Learning SQL - Relational Databases

These tips are mostly applicable to all forms of SQL, some are specific to SQLite and versions of SQLite like RealSQL Databases and RealSQL Server databases.

What is a Relational Database?

Folks starting out with Relational Databases often get confused. I always get confused when I start something new so I know how you feel. Here is a simple explanation from Edgar Codd -who invented Relational Databases, The Wheel, Electricity and Hamburgers back in 1969. He actually only invented one of these things - can you guess which?

Its core idea is to describe a database as a collection of predicates over a finite set of predicate variables, describing constraints on the possible values and combinations of values. The content of the database at any given time is a finite (logical) model of the database, i.e. a set of relations, one per predicate variable, such that all predicates are satisfied. A request for information from the database (a database query) is also a predicate.

Got that? No, I don't understand a word of it either!

First let's have a look at other type of databases

Flat Files

Before we had Relational Databases we had flat files. A collection of information (data) could be stored in these files. The You could have many files, each storing a particular group of information for example a file called 'Children', each line of which was a particular student, another file could be called 'Classes'.

Children File Classes File
Susan Smith Cooking
Harry Totter Needlework
... ....

As you can see it would be very difficult to link these two files together to produce a list of Children taking particular courses. We could use another type of flat file where all the required data is listed in a single file.The groups of information would be 'delimited' (separated) by various means; there could be commas separating the pieces of information - this is what a CSV (Comma Separated Values) file does.

Susan Smith,Cooking
Susan Smith,Needlework
Susan Smith,Gardening
Harry Totter,Cooking
Harry Totter,Nuclear Physics

Comma separated data, One set of data per line

Tabs could be used to separate groups of information, or we could use the character position in the file, padding out the bits of information with spaces:

Susan Smith______Cooking
Susan Smith______Needlework
Susan Smith______Gardening
Harry Totter_____Cooking
Harry Totter_____Nuclear Physics

Positional Data Seperation - Name 1-17, Class 18-32

There are some problems associated with these sorts of files. There is a lot of data duplication. In the examples above changing a person's name would mean identifying every occurrence of the name and making sure it was changed. One of the aims of Normalisation - don't worry we'll cover that later in the Database Design - Normalisation lesson - is to remove duplication.

Finding data is also difficult to find one particular record we would have to read all the records in the file.

So, along came indexes.
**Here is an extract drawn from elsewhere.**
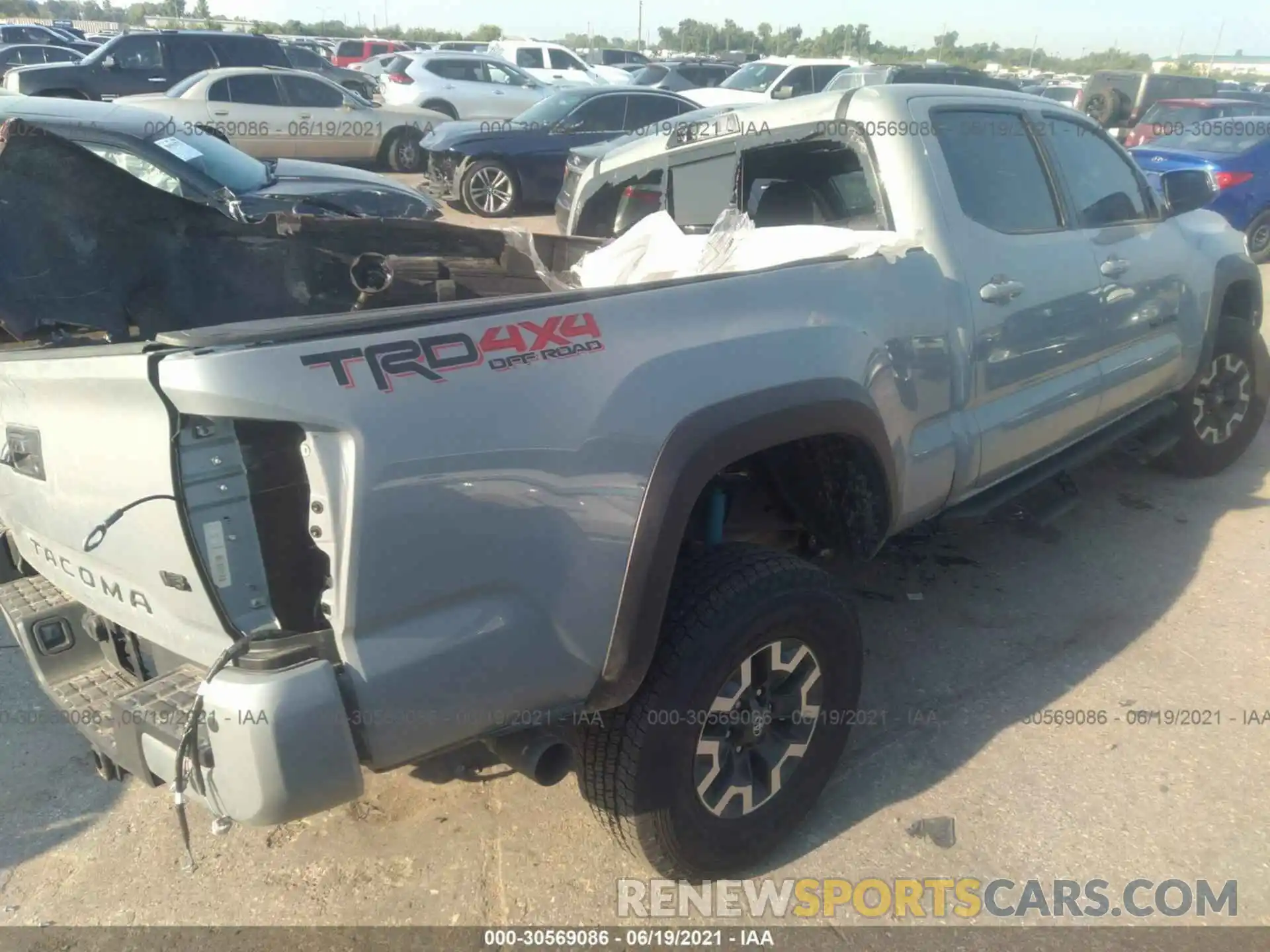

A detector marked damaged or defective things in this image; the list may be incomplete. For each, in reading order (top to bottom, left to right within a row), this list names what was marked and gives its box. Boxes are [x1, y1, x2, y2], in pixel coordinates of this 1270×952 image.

hood of wrecked truck [0, 116, 589, 342]
torn sheet metal [572, 206, 919, 286]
An index was a smaller file that held key information on the data in our flat file, so we might have records a bit like this:

Susan Smith,1,2,3
Harry Totter,4,5
This would tell us which lines (records) in the main file we needed to read to find a particular person's data.

These worked quite well and kept a lot of us in jobs as there was a LOT of coding to do to join all these files (all with different structures and formats) together. Then some clever people decided it would be a good idea if we could create a system where data could be linked together in a Master / Detail or Parent / Child format with this system dealing with all the indexing - the Relational Database.

The Relational Database

A Relational Database is way of storing data in a Master/Detail form. When I say Master /Detail I don't mean that one set of data is necessarily more important than the other.

At its most simplest a Relational Database can be seen as a set of one to many relationships. Each one of these relationships is joined together by Keys (more late in the course)

For example ONE Mother may have MANY Children - A Child may have only ONE Mother:

Mother Child Relationship

This is a diagrammatic representation of a Relationship. Notice how one end has 3 'legs' this can be called a crows foot and it signifies that this end of the relationship is the 'many' end.

This type of diagram can be called an Entity Model, A Relationship Model, and Entity Relationship Diagram (ERD) etc.....

NEVER try and design a Database without doing one of these first. You will probably go through many different versions so have a lot of pencils or invest in some software ( I like OmniGraffle ).

The relationship line may be dotted - signifying that the relationship is not mandatory. In this example that would mean that Children records could exist independently without Mothers - oh that's sad!

Mother and Children here would be created as Tables in our Database

Obviously real world Databases would be a lot more complicated than this. Let's draw an Entity Model for - Children who have mothers going to schools with books they bought from bookshops in certain towns.

School Children Relationship Digram

So to explain this:

Mothers have MANY Children, Children have only ONE Mother

A School has MANY Children, Children only got to ONE School

Towns have MANY Schools, A School can only be in ONE Town

Towns have MANY Bookshops, A Particular Bookshop can only be in ONE Town>

Bookshops have MANY Books, A Particular Book can only be in ONE Bookshop

Children own MANY Books, A Particular Book can only be owned by ONE Child

*MANY can be one or more

*Each Object in the Diagram represents a Table in a Database

*The Database is the complete collection of all these objects

Once you understand the concept of relationships and Entity Models you are on your way to becoming a Relational Database designer.

There will be more detail on Databases, Relationships, Resolving Many To Many, Self Referential Links and heaps more exciting stuff later in the course.

Before you carry on make sure you understand the above Entity Model.